Damn Vulnerable Grade Management is an intentionally vulnerable grade management application that can be used for teaching security testing and security programming. It aims to be a small application with a realistic use case that contains common vulnerabilities, making it a good target to get started with automatic security testing tools.
DVGM contains (at least) the following vulnerabilities:
- SQL Injection
- Cross-Site Scripting (XSS)
- DOM Based XSS / Client Side XSS
- Missing server-side input validation
- Insecure HTTP Headers
- Vulnerable dependencies
We have tried many different tools to automatically find the vulnerabilities, and found the following tools to work best for this kind of application. While none of them finds all contained vulnerabilities, together they cover a reasonable amount:
Damn Vulnerable Grade Management implements a simplistic system for managing university grades. Students can upload assignments (pdf), view their grades for their assignments and lectures, download their grades as reports, and add comments to the grades which can be viewed by lecturers. The application knows three roles: admins, lecturers, and students.

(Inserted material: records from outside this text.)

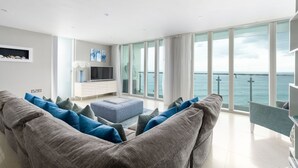Ett modernt vardagsrum med ett stort fönster med utsikt över havet, en platt-TV och en minimalistisk, vit TV-bänk.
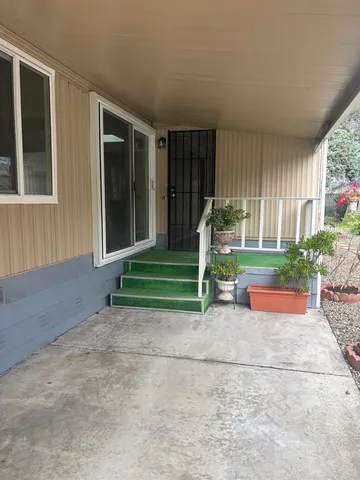 a view of a garden with sitting area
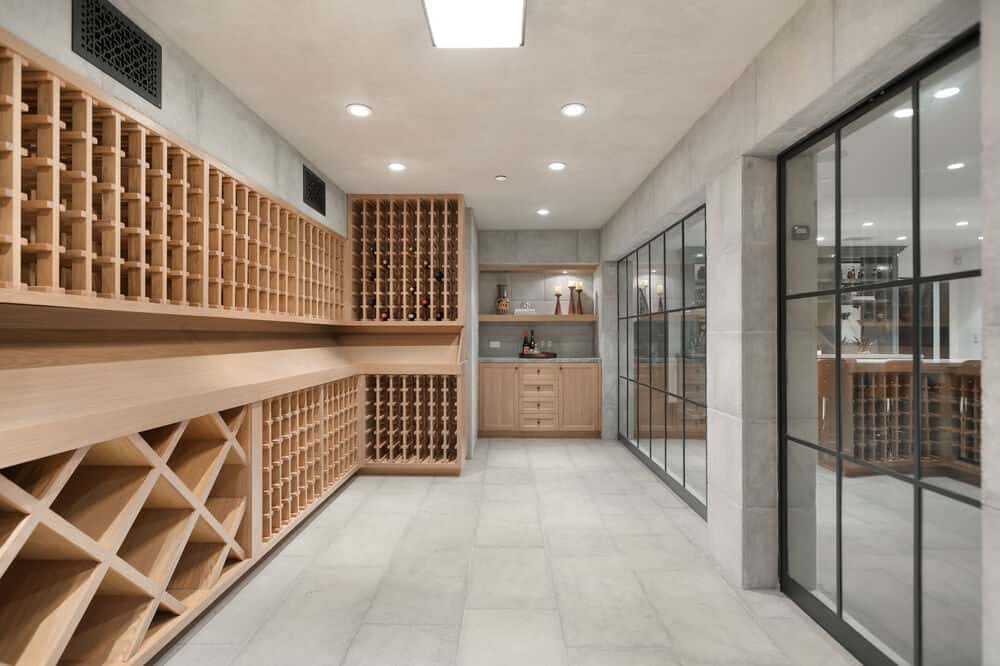 This is the 1,000-bottle wine cellar with large built-in wooden structures for wine storage. Across from these are a couple of French glass doors. Image courtesy of Toptenrealestatedeals.com.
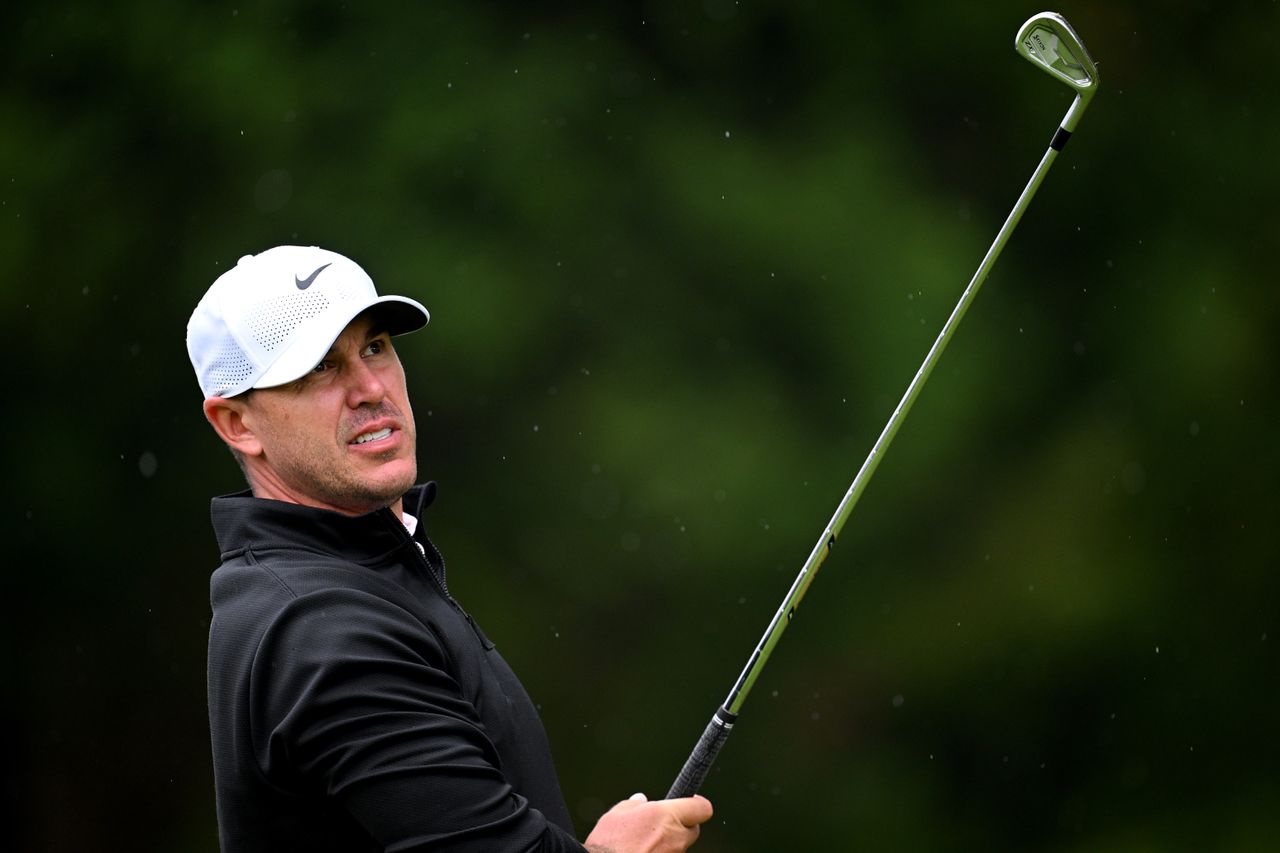 Brooks Koepka hits an iron shot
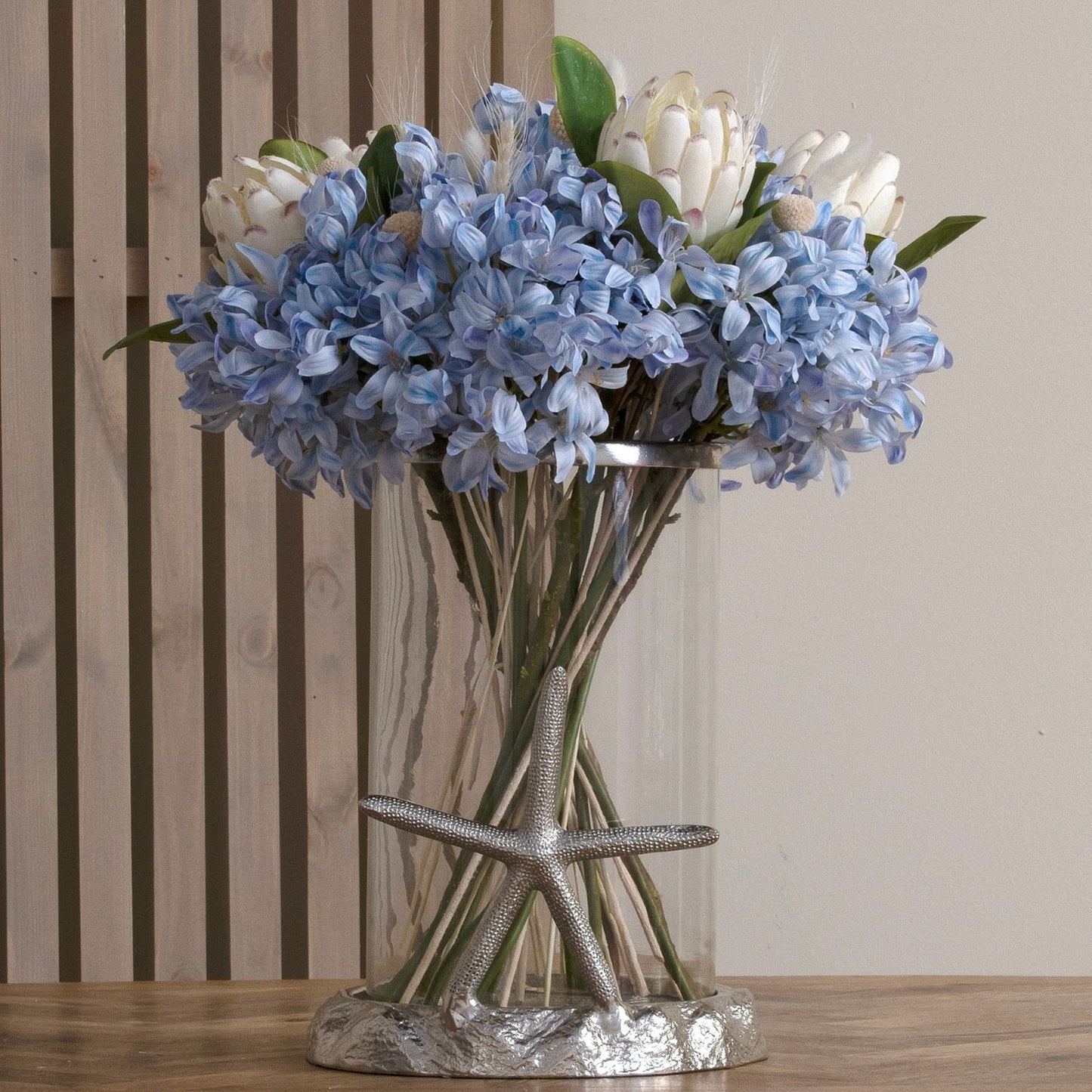 A bunch of light blue agapanthus in a clear vase beside a wooden wall.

- Admins can create new students, lecturers, and other admins. Admins can create new lectures, held by any lecturer. Admins can also create, view, and edit new grades for all lectures and students and can create, view, and edit comments.

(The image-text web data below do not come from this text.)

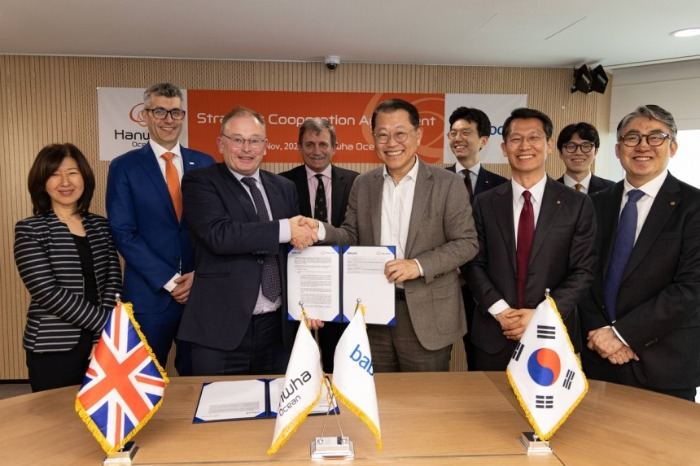 Hanwha　Ocean　CEO　Kim　Hee-cheul　(third　from　left)　poses　with　Babcock　International　CEO　David　Lockwood　(fourth　from　left) 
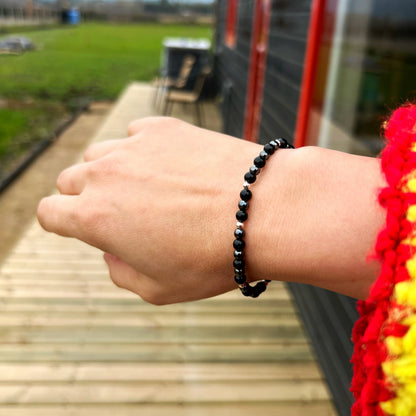 Pulsera elasticada"Protección Energética" | Turmalina negra y Hematita | Pelotitas Plata 925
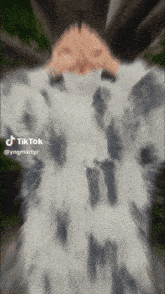 a blurred image of a person 's face with a tiktok watermark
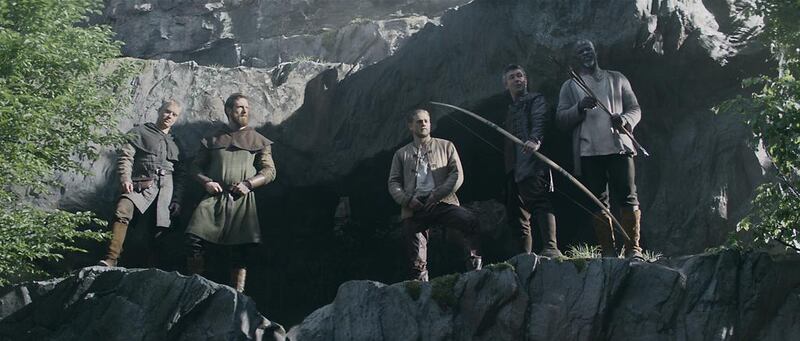 From left, Freddie Fox as Ed, Craig McGinlay as Harry, Charlie Hunnam as Arthur, Aidan Gillen as Bill, and Djimon Hounsou as Bedivere in King Arthur: Legend of the Sword. Courtesy Warner Bros Entertainment Inc 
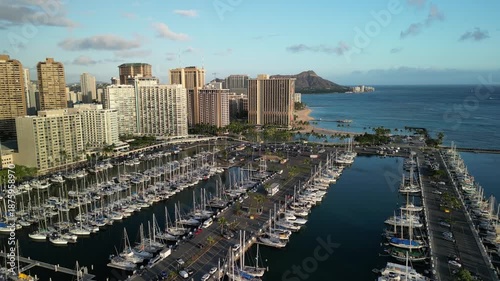 Drone aerial view of Waikiki marina and harbor with sailboats, city skyline and Diamond Head coastline in Honolulu Hawaii USA
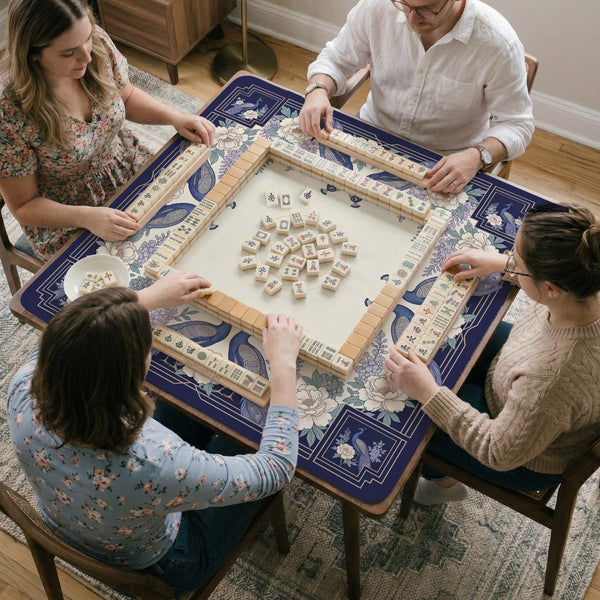 Blue mahjong mat with a floral peacock border and an open center area for tile play.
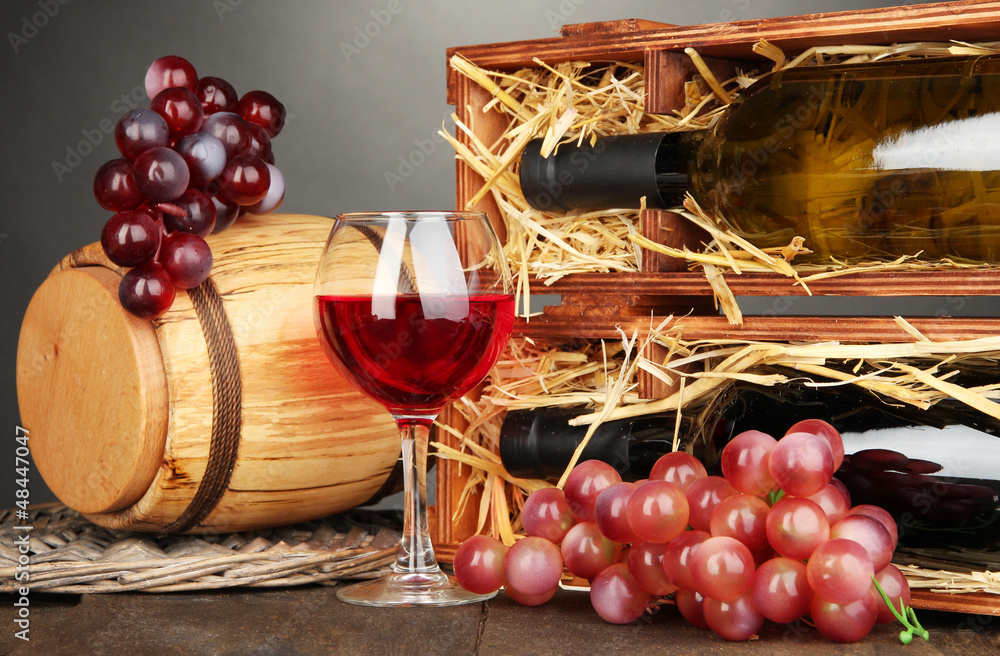 Wooden case with wine bottles, barrel, wineglass and grape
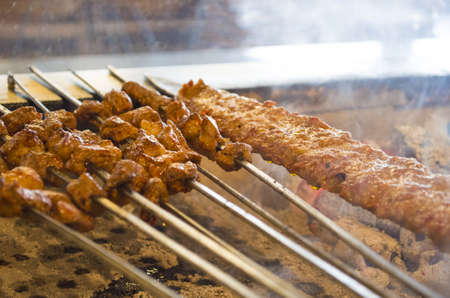 turkish style kebab cooking adana kebabs on the restaurant style grill smoke coming out from them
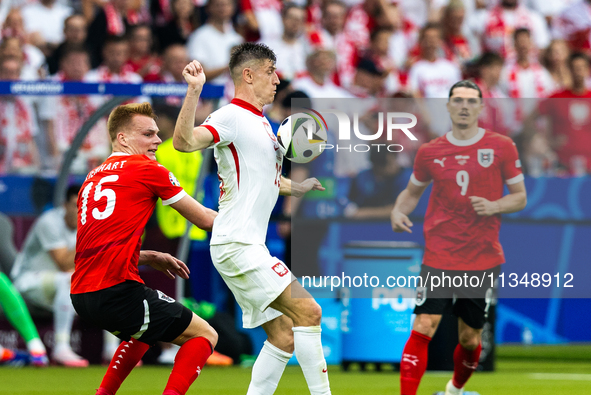 Stefan Posch, Krzysztof Piatek are playing during the UEFA Euro 2024 Group D match between Poland v Austria, at the Olympiastadion in Berlin...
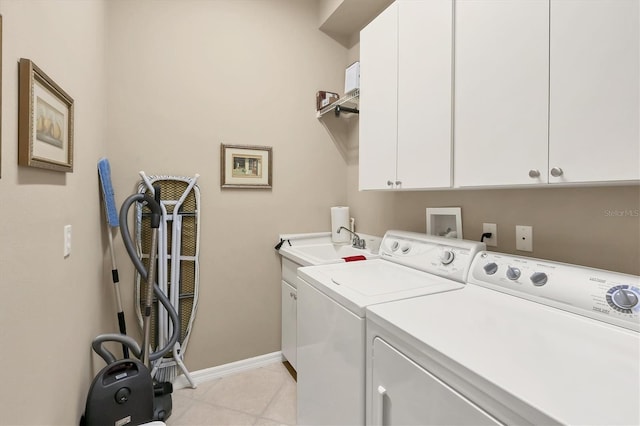 washroom with cabinet space, baseboards, a sink, and independent washer and dryer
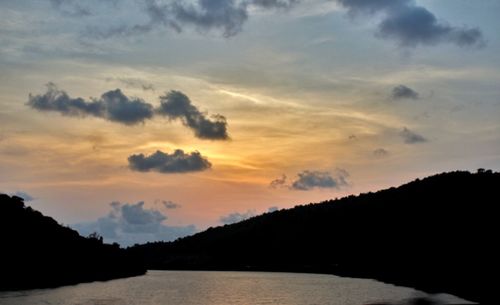 Scenic view of lake against sky during sunset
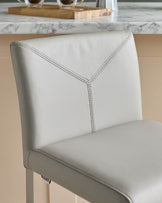 A contemporary grey leather bar stool with stitching detail, set against a kitchen countertop.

- Lecturers can create new students. They can also create new lectures that are being held by them. Lecturers can can view grades for all students, but only enter new grades for their own students. Lecturers can see comments for all grades, but can not change any.
- Students can upload assignments (pdf). They can also view and comment on their grades for their assignments and overall lectures. For their convenience, they have the ability to filter their grade list by a lecturer name.
- All roles are able to log into the system. They can also reset their password by providing the answer to their chosen security question.
You are Peter, a student and you can log in with peter
as username and
football
as password. Try and see how much information/control you can gain!
- Ruby 3.1 (and Raild 7) and bundler
The repository can be cloned as usual:
git clone https://git.logicalhacking.com/BrowserSecurity/DVGM.git
Note, if you authorized to access the confidential solutions of the exercises for DVGM, you can obtain them by executing
git submodule update --init --recursive
After cloning the repository, install the dependencies; bundle
will install
all dependencies automatically into a project-local directory:
cd DVGM
bundle install --path vendor/bundle
bundle config set --local path 'vendor/bundle'
RAILS_ENV=development bin/rake db:populate
RAILS_ENV=production bin/rake db:populate
To make exploration of the app a bit easier, we run DVGM in development mode. This means that
- on errors, rails will return a detailed debug page, and
- changed source files will automatically be picked up, without needing to restart the server (useful for seeing if your fixes work).
Now, start the server:
bin/rails server
Now, open your browser, go to http://localhost:3000, and start exploring!
This project is licensed under the GPL 3.0 (or any later version).